Copy out all the entries exactly.

==== SUPPLIED DATA ====

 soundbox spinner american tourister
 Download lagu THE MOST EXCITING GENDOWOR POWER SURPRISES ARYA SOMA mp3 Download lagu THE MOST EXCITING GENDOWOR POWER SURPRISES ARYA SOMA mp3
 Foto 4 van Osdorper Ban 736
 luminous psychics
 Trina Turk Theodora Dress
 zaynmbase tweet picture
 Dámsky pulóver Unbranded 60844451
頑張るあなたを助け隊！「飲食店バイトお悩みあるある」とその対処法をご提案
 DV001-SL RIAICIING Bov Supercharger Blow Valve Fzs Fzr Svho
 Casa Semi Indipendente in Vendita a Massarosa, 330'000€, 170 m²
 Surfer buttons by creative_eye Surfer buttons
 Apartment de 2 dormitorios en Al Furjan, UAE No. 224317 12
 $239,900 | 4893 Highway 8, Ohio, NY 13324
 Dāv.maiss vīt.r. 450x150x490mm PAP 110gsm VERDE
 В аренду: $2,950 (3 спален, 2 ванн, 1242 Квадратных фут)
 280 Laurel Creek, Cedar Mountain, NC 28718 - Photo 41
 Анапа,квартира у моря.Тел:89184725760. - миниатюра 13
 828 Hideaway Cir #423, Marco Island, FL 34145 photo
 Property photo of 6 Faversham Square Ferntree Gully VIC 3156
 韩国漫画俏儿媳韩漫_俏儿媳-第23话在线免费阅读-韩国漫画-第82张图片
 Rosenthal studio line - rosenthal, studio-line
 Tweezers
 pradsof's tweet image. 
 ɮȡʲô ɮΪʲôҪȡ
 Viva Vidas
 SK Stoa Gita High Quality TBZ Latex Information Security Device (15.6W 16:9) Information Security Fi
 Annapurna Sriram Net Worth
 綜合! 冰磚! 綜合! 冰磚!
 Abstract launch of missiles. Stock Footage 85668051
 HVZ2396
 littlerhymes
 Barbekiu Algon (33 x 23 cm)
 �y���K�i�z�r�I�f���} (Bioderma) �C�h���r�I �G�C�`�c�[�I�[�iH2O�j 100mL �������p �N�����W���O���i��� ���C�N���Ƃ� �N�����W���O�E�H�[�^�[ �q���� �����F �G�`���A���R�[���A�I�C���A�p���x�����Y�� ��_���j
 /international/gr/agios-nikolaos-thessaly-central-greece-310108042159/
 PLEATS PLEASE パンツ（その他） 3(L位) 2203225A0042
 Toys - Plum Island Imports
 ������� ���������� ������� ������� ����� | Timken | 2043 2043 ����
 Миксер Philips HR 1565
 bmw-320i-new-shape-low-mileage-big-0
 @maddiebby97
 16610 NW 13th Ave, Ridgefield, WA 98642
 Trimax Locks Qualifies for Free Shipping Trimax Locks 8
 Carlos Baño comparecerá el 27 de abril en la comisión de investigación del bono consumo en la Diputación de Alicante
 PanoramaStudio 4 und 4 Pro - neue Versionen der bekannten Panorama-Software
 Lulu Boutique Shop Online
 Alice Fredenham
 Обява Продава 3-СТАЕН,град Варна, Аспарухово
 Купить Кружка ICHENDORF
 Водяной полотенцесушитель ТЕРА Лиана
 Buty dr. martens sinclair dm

====

_OUTPUT BELOW_:
 soundbox spinner american tourister
 Download lagu THE MOST EXCITING GENDOWOR POWER SURPRISES ARYA SOMA mp3 Download lagu THE MOST EXCITING GENDOWOR POWER SURPRISES ARYA SOMA mp3
 Foto 4 van Osdorper Ban 736
 luminous psychics
 Trina Turk Theodora Dress
 zaynmbase tweet picture
 Dámsky pulóver Unbranded 60844451
頑張るあなたを助け隊！「飲食店バイトお悩みあるある」とその対処法をご提案
 DV001-SL RIAICIING Bov Supercharger Blow Valve Fzs Fzr Svho
 Casa Semi Indipendente in Vendita a Massarosa, 330'000€, 170 m²
 Surfer buttons by creative_eye Surfer buttons
 Apartment de 2 dormitorios en Al Furjan, UAE No. 224317 12
 $239,900 | 4893 Highway 8, Ohio, NY 13324
 Dāv.maiss vīt.r. 450x150x490mm PAP 110gsm VERDE
 В аренду: $2,950 (3 спален, 2 ванн, 1242 Квадратных фут)
 280 Laurel Creek, Cedar Mountain, NC 28718 - Photo 41
 Анапа,квартира у моря.Тел:89184725760. - миниатюра 13
 828 Hideaway Cir #423, Marco Island, FL 34145 photo
 Property photo of 6 Faversham Square Ferntree Gully VIC 3156
 韩国漫画俏儿媳韩漫_俏儿媳-第23话在线免费阅读-韩国漫画-第82张图片
 Rosenthal studio line - rosenthal, studio-line
 Tweezers
 pradsof's tweet image. 
 ɮȡʲô ɮΪʲôҪȡ
 Viva Vidas
 SK Stoa Gita High Quality TBZ Latex Information Security Device (15.6W 16:9) Information Security Fi
 Annapurna Sriram Net Worth
 綜合! 冰磚! 綜合! 冰磚!
 Abstract launch of missiles. Stock Footage 85668051
 HVZ2396
 littlerhymes
 Barbekiu Algon (33 x 23 cm)
 �y���K�i�z�r�I�f���} (Bioderma) �C�h���r�I �G�C�`�c�[�I�[�iH2O�j 100mL �������p �N�����W���O���i��� ���C�N���Ƃ� �N�����W���O�E�H�[�^�[ �q���� �����F �G�`���A���R�[���A�I�C���A�p���x�����Y�� ��_���j
 /international/gr/agios-nikolaos-thessaly-central-greece-310108042159/
 PLEATS PLEASE パンツ（その他） 3(L位) 2203225A0042
 Toys - Plum Island Imports
 ������� ���������� ������� ������� ����� | Timken | 2043 2043 ����
 Миксер Philips HR 1565
 bmw-320i-new-shape-low-mileage-big-0
 @maddiebby97
 16610 NW 13th Ave, Ridgefield, WA 98642
 Trimax Locks Qualifies for Free Shipping Trimax Locks 8
 Carlos Baño comparecerá el 27 de abril en la comisión de investigación del bono consumo en la Diputación de Alicante
 PanoramaStudio 4 und 4 Pro - neue Versionen der bekannten Panorama-Software
 Lulu Boutique Shop Online
 Alice Fredenham
 Обява Продава 3-СТАЕН,град Варна, Аспарухово
 Купить Кружка ICHENDORF
 Водяной полотенцесушитель ТЕРА Лиана
 Buty dr. martens sinclair dm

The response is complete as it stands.